**Brief**: Your response to the data below should hold nothing except the lines from the one containing "Businessman presenting at" down to the one containing "Three Barbies in 1980s outfits", reproduced exactly and without pictures.

**Data**:
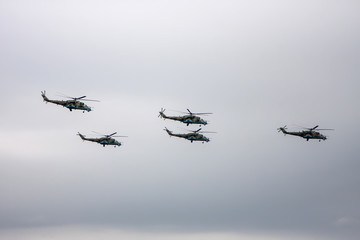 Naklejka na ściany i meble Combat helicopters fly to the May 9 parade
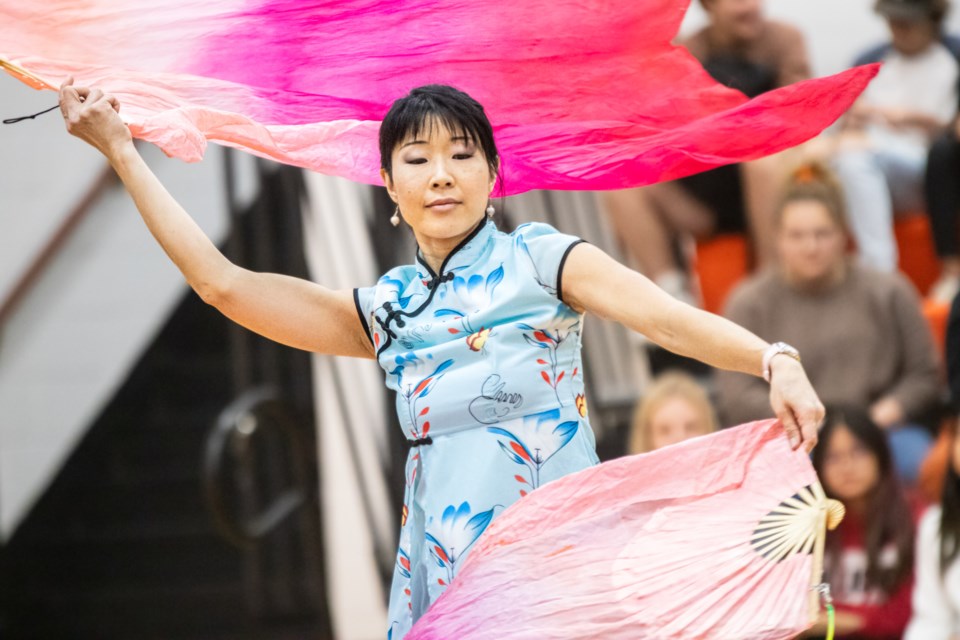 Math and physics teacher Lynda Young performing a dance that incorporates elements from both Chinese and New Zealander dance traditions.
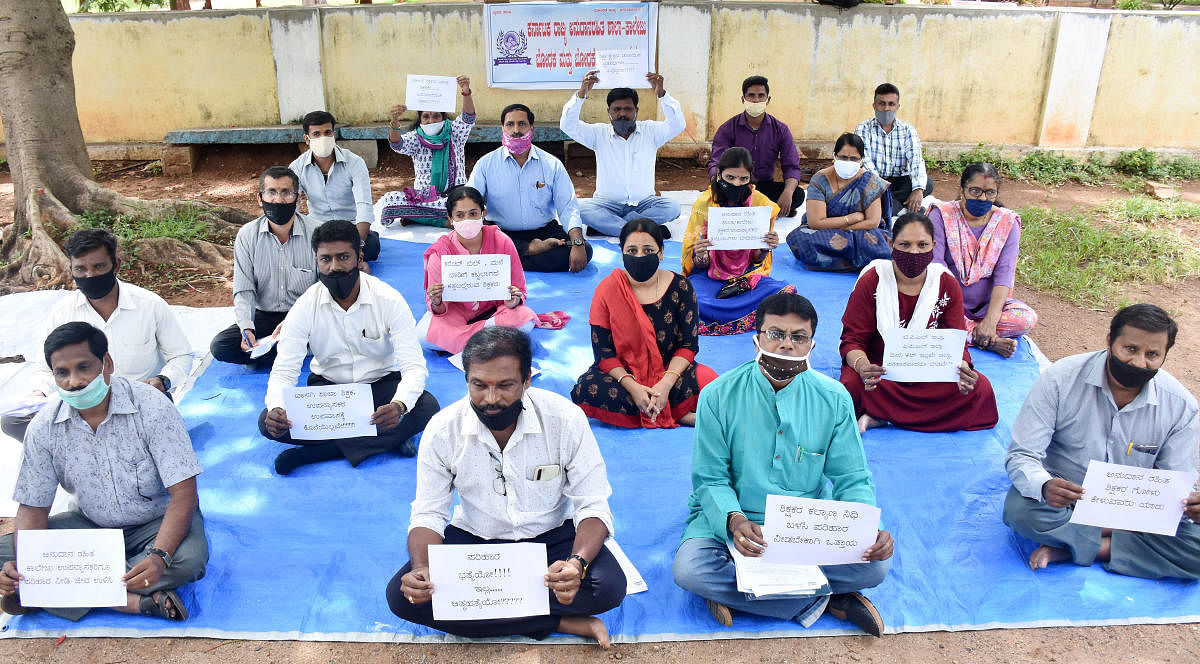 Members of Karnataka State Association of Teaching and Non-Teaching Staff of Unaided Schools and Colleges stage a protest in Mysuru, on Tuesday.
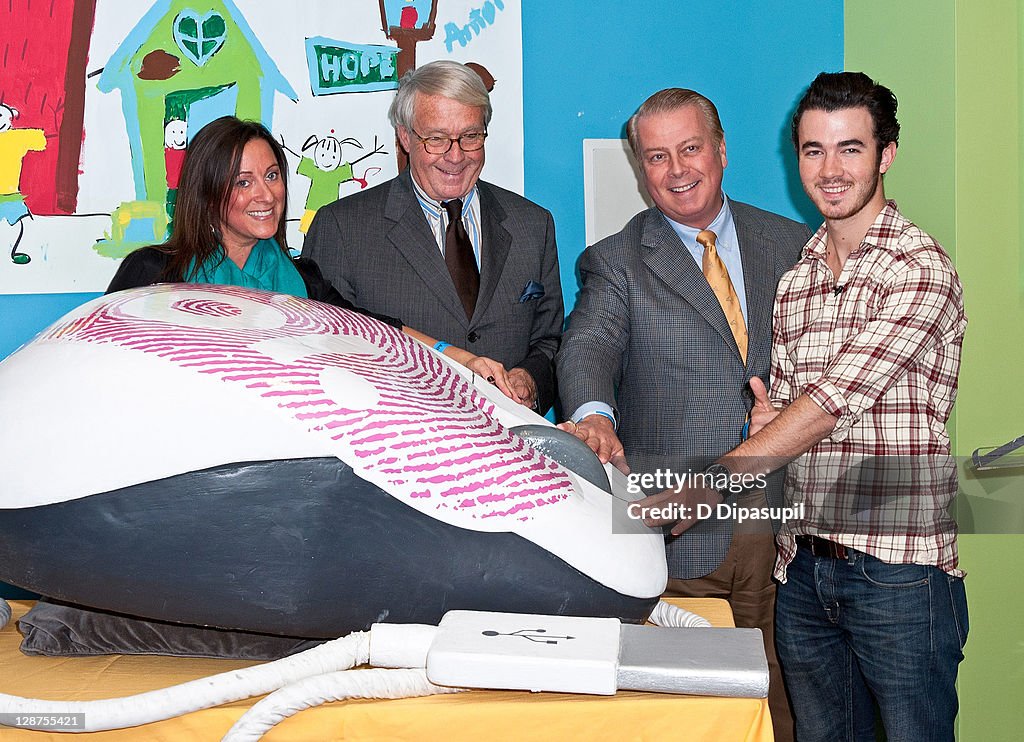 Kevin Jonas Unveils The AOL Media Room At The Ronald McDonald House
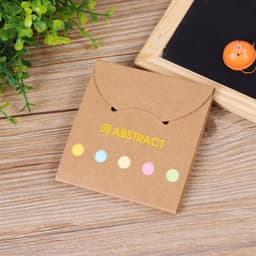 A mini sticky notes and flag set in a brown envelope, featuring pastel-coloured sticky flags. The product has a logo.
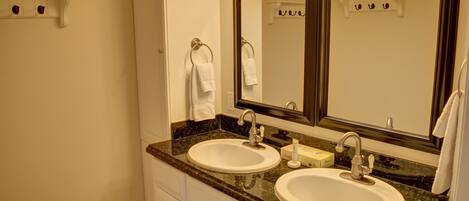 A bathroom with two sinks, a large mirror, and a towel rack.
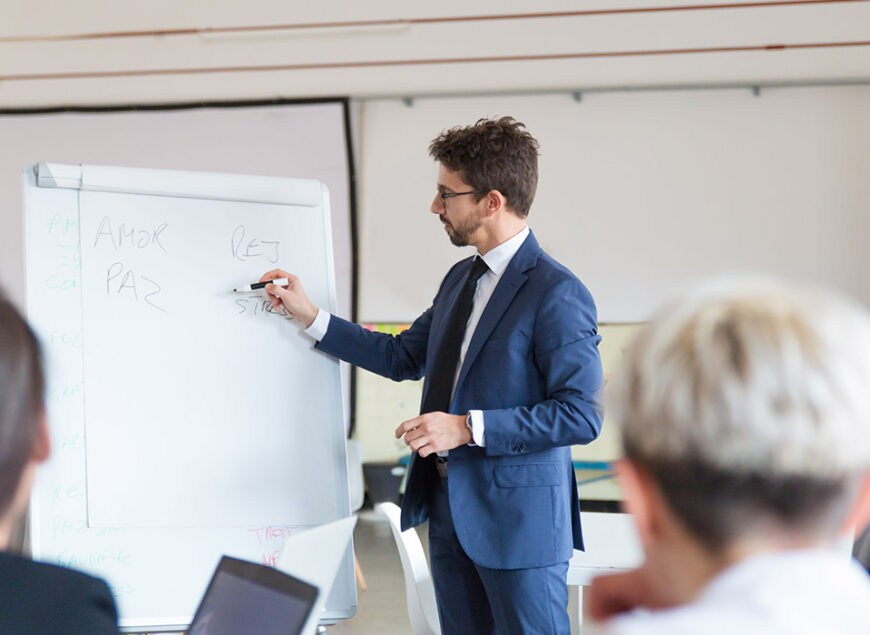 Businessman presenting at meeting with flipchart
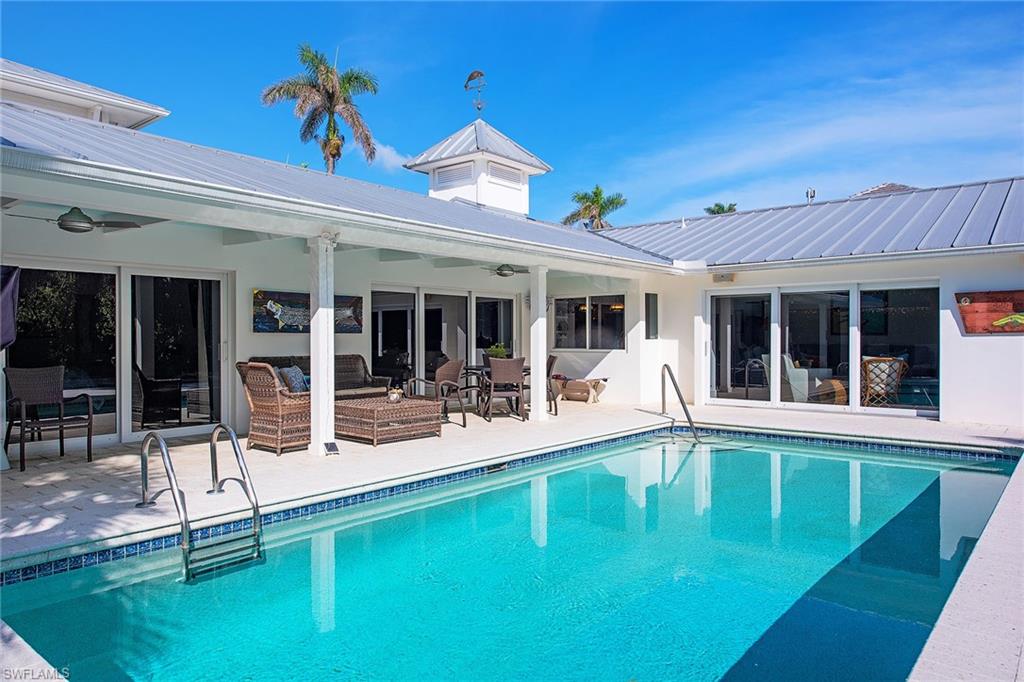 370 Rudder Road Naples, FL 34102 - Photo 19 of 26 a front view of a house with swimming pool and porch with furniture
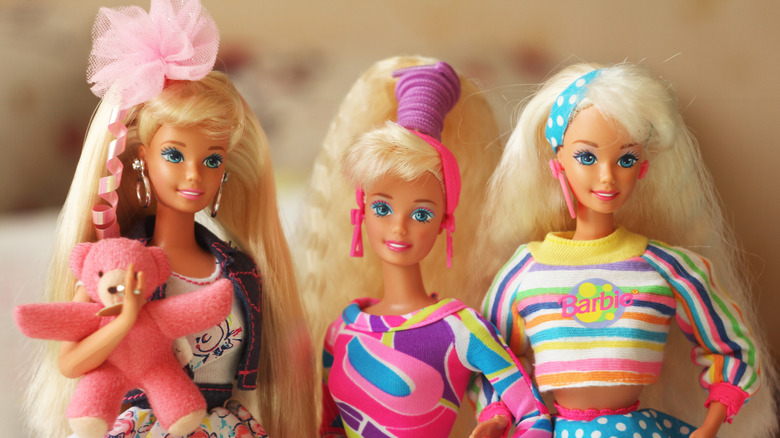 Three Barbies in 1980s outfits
--
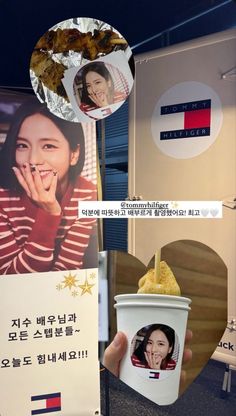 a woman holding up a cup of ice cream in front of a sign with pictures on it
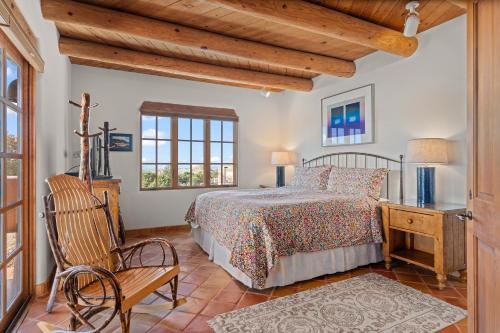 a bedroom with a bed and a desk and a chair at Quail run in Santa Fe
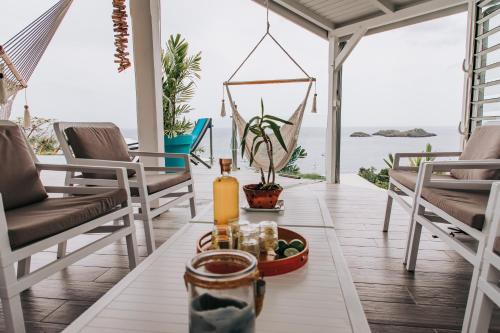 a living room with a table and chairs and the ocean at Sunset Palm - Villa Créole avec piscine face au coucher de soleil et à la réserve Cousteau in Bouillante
==
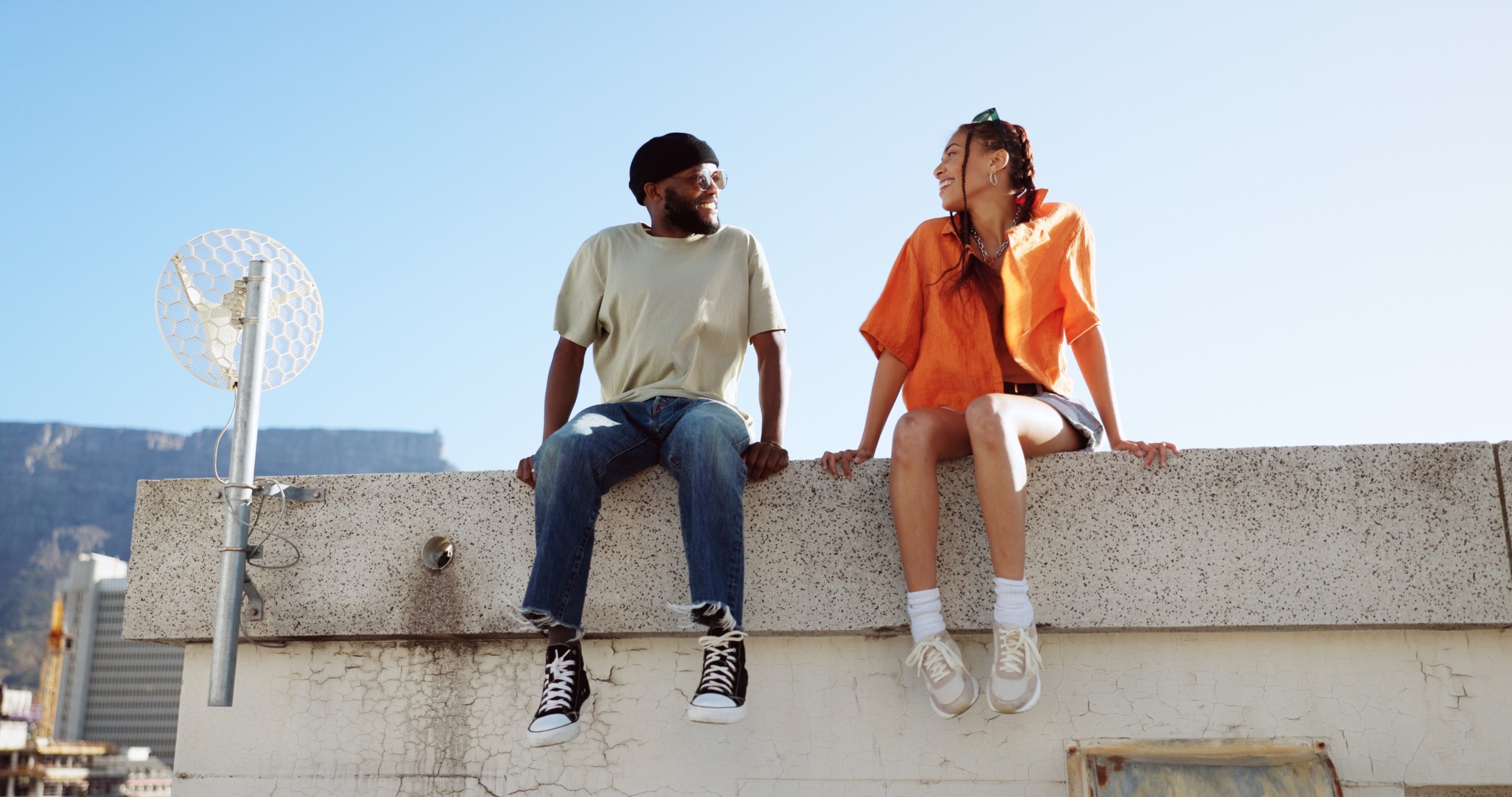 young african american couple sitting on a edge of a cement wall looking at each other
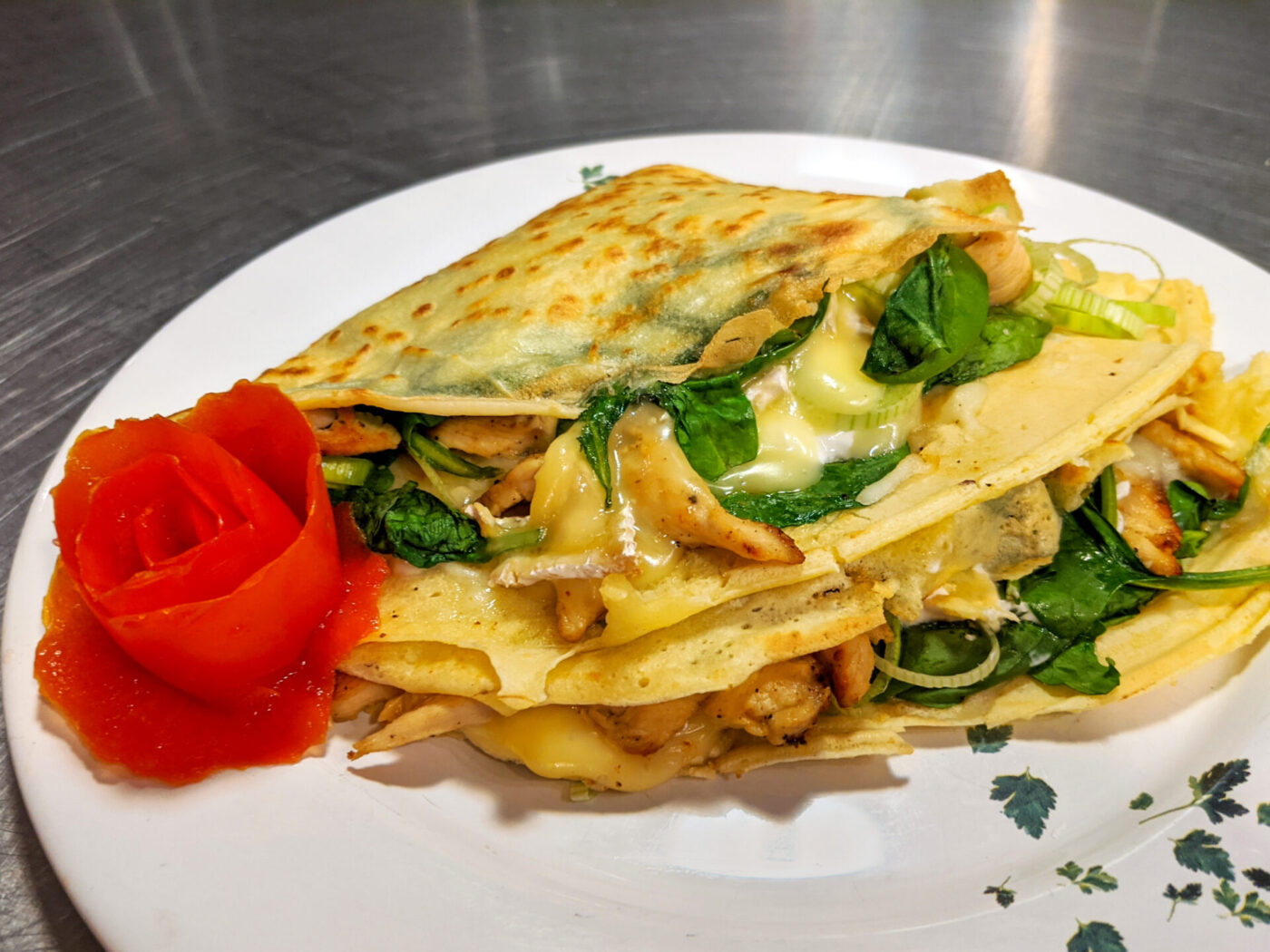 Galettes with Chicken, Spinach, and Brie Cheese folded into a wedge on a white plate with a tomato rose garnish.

**Answer to the problem**:
 Businessman presenting at meeting with flipchart
 370 Rudder Road Naples, FL 34102 - Photo 19 of 26 a front view of a house with swimming pool and porch with furniture
 Three Barbies in 1980s outfits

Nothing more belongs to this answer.